Although the vacuum tube was invented by John Ambrose Fleming in 1904, it was Thomas Edison who discovered the "Edison effect" in 1883 which states that electricity does not necessarily need a solid material to move through; it can casually move through gas or vacuums as well.[1]

John Ambrose Fleming invented the first vacuum tube, the diode, in 1904.[1] Lee De Forest invented the "audion" in 1906 (which was improved by others as the triode in 1908) and used in the first telephone amplifiers. Many other kinds were invented for various purposes.

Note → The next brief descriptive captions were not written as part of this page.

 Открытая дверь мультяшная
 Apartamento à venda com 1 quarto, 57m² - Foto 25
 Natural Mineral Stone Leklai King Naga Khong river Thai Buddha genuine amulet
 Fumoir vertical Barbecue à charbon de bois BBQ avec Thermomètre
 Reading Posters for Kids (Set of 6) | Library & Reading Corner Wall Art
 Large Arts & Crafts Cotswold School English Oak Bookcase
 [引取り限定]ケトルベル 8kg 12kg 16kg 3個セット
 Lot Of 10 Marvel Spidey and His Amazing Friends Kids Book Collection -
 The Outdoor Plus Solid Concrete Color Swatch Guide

The transistor became cheaper in the 1960s and was much smaller, worked on lower voltages, and used less power. In addition, unlike vacuum tubes, they were much less likely to be damaged by being dropped and had extremely long life. Eventually, they were also much cheaper than glass vacuum tubes. At this time, most radios, television sets, and amplifiers began using transistors instead. [2] High powered electronics such as broadcasting transmitters were transistorized more slowly. Television receivers continued using the cathode ray tube until the mid-2000s.

Current uses change

Cavity magnetron tube from a microwave oven

In the 21st century, vacuum tubes are rarely used in common electronic equipment. Many devices today rely on the transistor over the vacuum tube. Some devices that still use the vacuum tube, however, include:

  • Systems which need high frequency operation, high-power output or very high amplification, such as television transmission, X-ray machines, radar, and microwave ovens.
  • People who enjoy listening to music on high-quality home stereo systems sometimes buy amplifiers which use vacuum tubes. (See tube sound).
  • Musicians who play electric musical instruments such as electric guitar sometimes use vacuum tube amplifiers.
  • Vacuum fluorescent displays, which are thin vacuum tube displays that display simple information such as numbers, are still fairly common in audio / video equipment and household appliances, although they are being replaced by LED displays.
  • Several niche applications, such as photomultiplier tubes.

References change

  1. 1.0 1.1 "The Vacuum Tube". PBS.
  2. "How Vacuum Tubes Work".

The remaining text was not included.